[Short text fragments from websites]
# # # # #
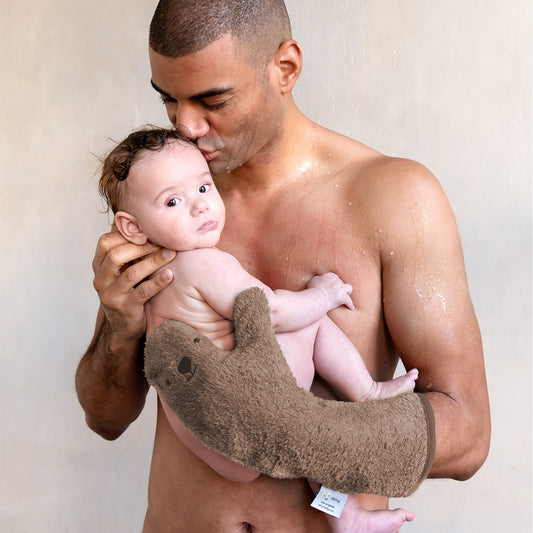 Ouder gebruikt Baby Shower Glove Mocha voor veilig douchen met baby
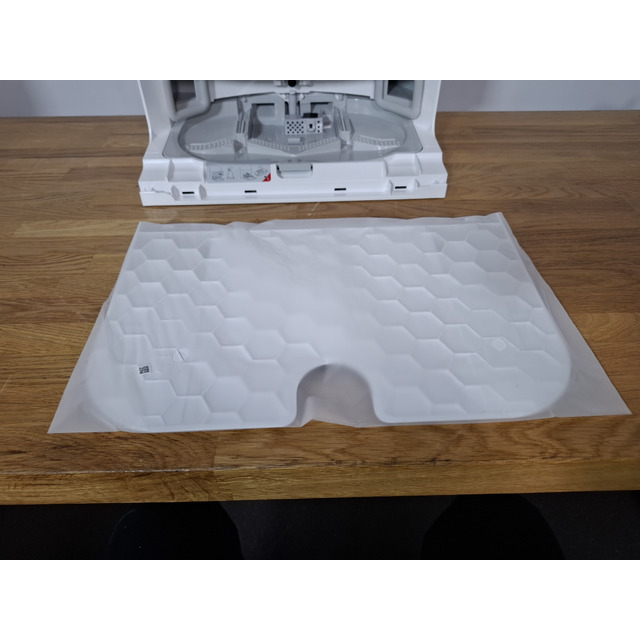 Робот-пылесос Roborock Qrevo MaxV With Refaill and Drainage System, белый Робот-пылесос Roborock Qrevo MaxV With Refaill and Drainage System, белый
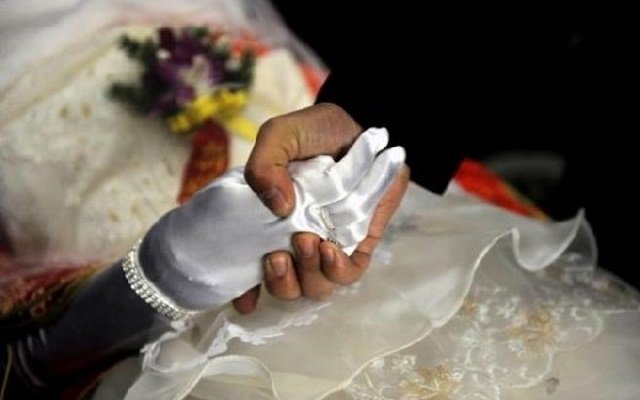 ليوفي بوعده  تزوج حبيبته المتوفاة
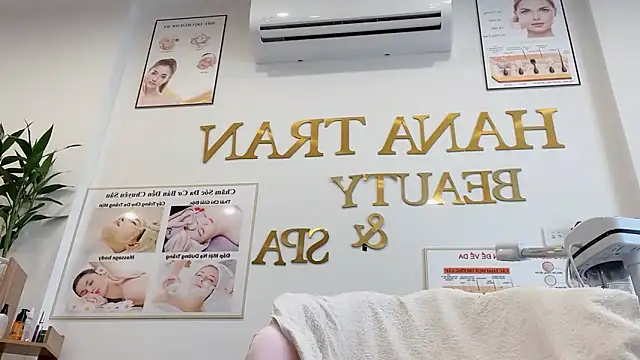 Snapshot of Katy_Bae chatting on October 14, 2025, 3:40 am Katy Bae online show from October 14, 2025, 3:40 am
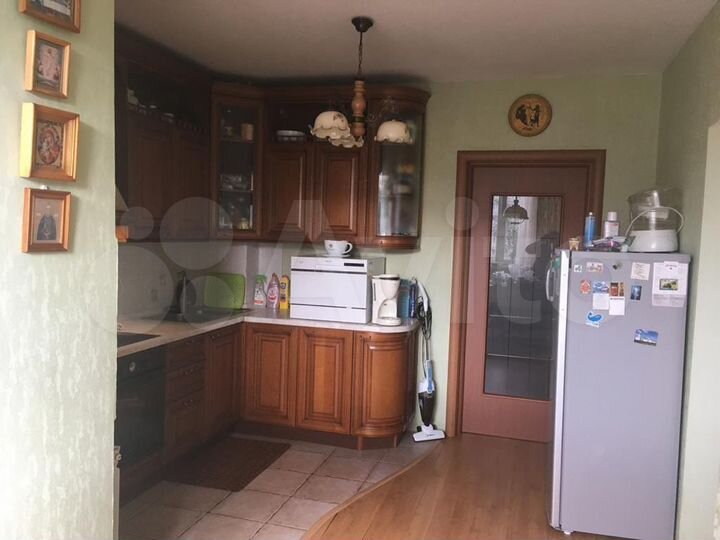 3-к. квартира, 81 м², 4/5 эт.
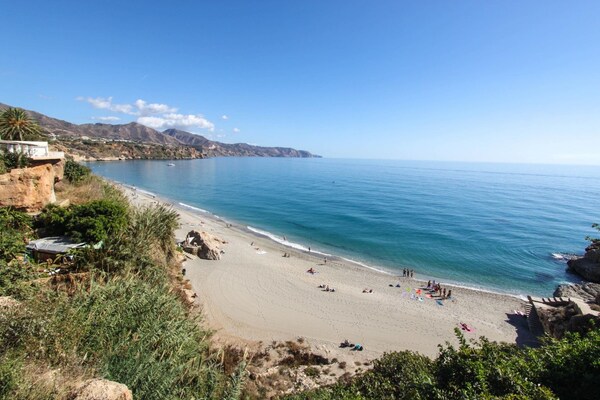 Atico Granada Jimena By At Home Costa Del Sol - Nerja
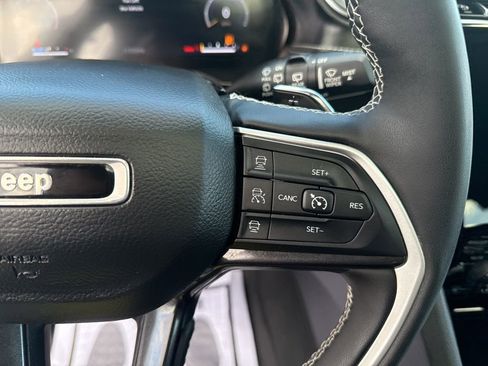 Used 2023 Jeep Grand Cherokee L Laredo AWD/4WD image 15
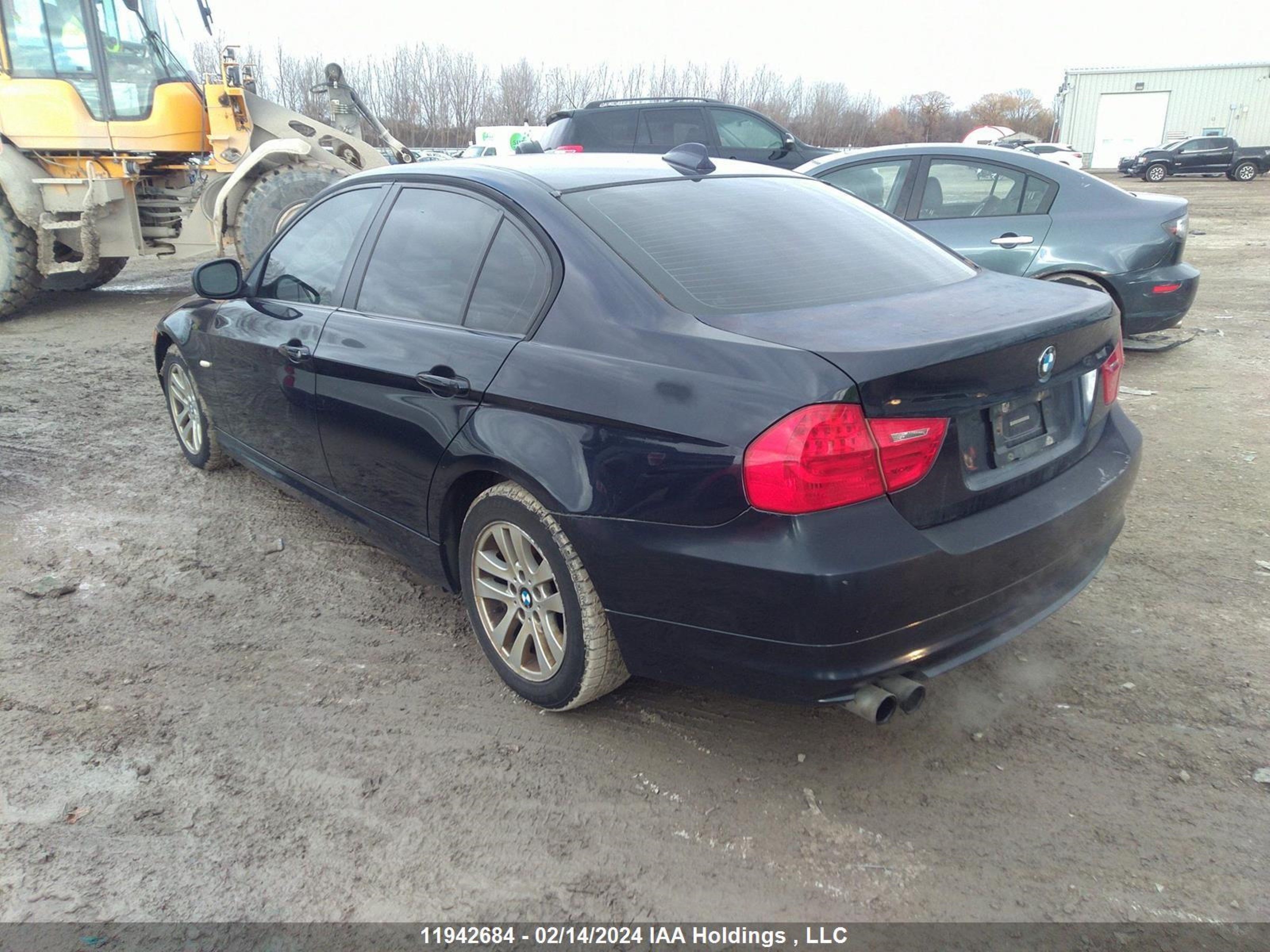 Photo 2 VIN: WBAPG7C55AA641843 - BMW 3ER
# # # # #
* _WORK ORDER_
Your task is to restate word for word the lines from the top of the data to the line containing "Snapshot of Katy_Bae", both ends included, with every picture left out.

* _EXERCISE RESPONSE_
 Ouder gebruikt Baby Shower Glove Mocha voor veilig douchen met baby
 Робот-пылесос Roborock Qrevo MaxV With Refaill and Drainage System, белый Робот-пылесос Roborock Qrevo MaxV With Refaill and Drainage System, белый
 ليوفي بوعده  تزوج حبيبته المتوفاة
 Snapshot of Katy_Bae chatting on October 14, 2025, 3:40 am Katy Bae online show from October 14, 2025, 3:40 am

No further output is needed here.